In the first part, an electro-responsive hydrogel HTZ, composed of hyaluronic acid (HA), tannic acid, and zinc ions (Zn²⁺) was developed for electrically modulated drug release and metronomic chemotherapy. The reversible network structure responded dynamically to alternating current (6 Vpp, 500 kHz), allowing fine control of drug diffusion. Doxorubicin (DOX) was incorporated via π–π stacking and electrostatic interactions, achieving a loading efficiency of over 95%. Electrical stimulation induced pulsatile, repeatable DOX release consistent with metronomic dosing, sustaining therapeutic levels while reducing systemic toxicity. In vitro and in vivo studies confirmed enhanced release under stimulation, prolonged intratumoral retention, tumor growth suppression, and downregulation of angiogenic markers (CD31, VEGFR2). The HTZ hydrogel preserved its structural integrity and functional performance after repeated activation, confirming consistent electro-responsiveness and stability.

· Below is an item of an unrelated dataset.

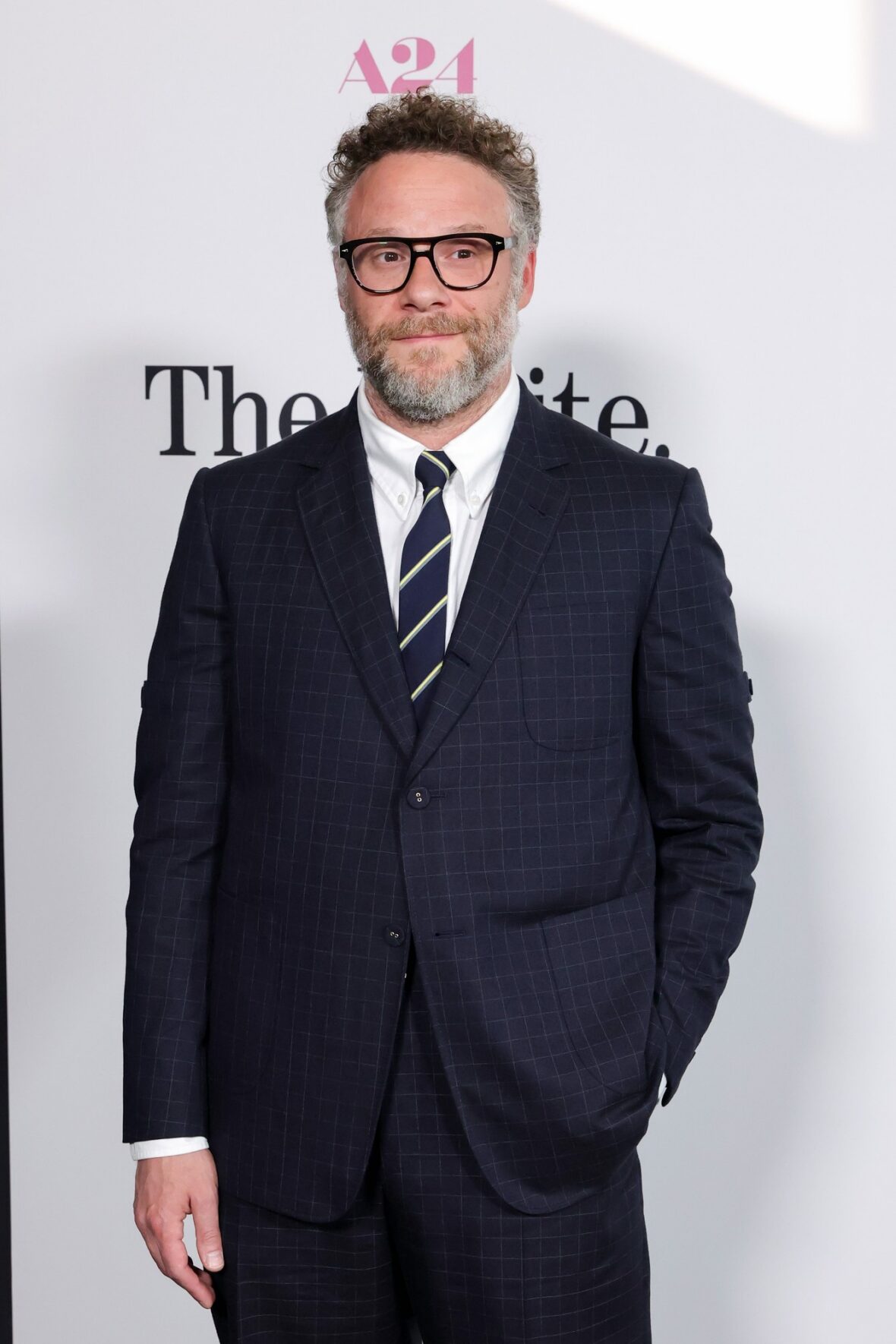 The Invite premiere in LA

In the second part, a multifunctional GTP hydrogel, composed of gelatin, tannic acid, and polydopamine, was designed as a bioactive and conductive scaffold for peripheral nerve regeneration. The GTP system meets key nerve guidance conduit (NGC) criteria, suitable elasticity, interconnected porosity, biodegradability, and neurocompatibility. Gelatin provides an ECM-like framework that promotes cellular attachment, while tannic acid reduces oxidative stress and inflammation through its antioxidant and adhesive roles. Polydopamine enhances both structural integrity and mild conductivity, enabling axonal signaling and communication. Additionally, curcumin (CUR), a natural anti-inflammatory and neuroprotective agent, was incorporated for sustained release and prolonged biochemical stimulation. In in vitro and in vivo peripheral nerve injury (PIN) models, the GTP@CUR hydrogel promoted neurite outgrowth, mitigated inflammation, and accelerated axonal regeneration, demonstrating excellent neuroregenerative potential through a simple, scalable, and biocompatible design.
In conclusion, the HTZ and GTP hydrogels demonstrate a unified strategy for creating multifunctional, biocompatible, and clinically translatable platforms that integrate controlled drug delivery and tissue regeneration. HTZ provides precise electrical modulation for sustained metronomic chemotherapy, while GTP expands polyphenol-based design into conductive and antioxidative scaffolds that enable continuous therapeutic release and neural repair. Composed entirely of naturally derived, FDA approvable materials, these systems embody the essential qualities of safety, simplicity, and scalability, establishing the groundwork for next generation smart hydrogels capable of tunable responsiveness and adaptive performance in precision therapy and tissue restoration.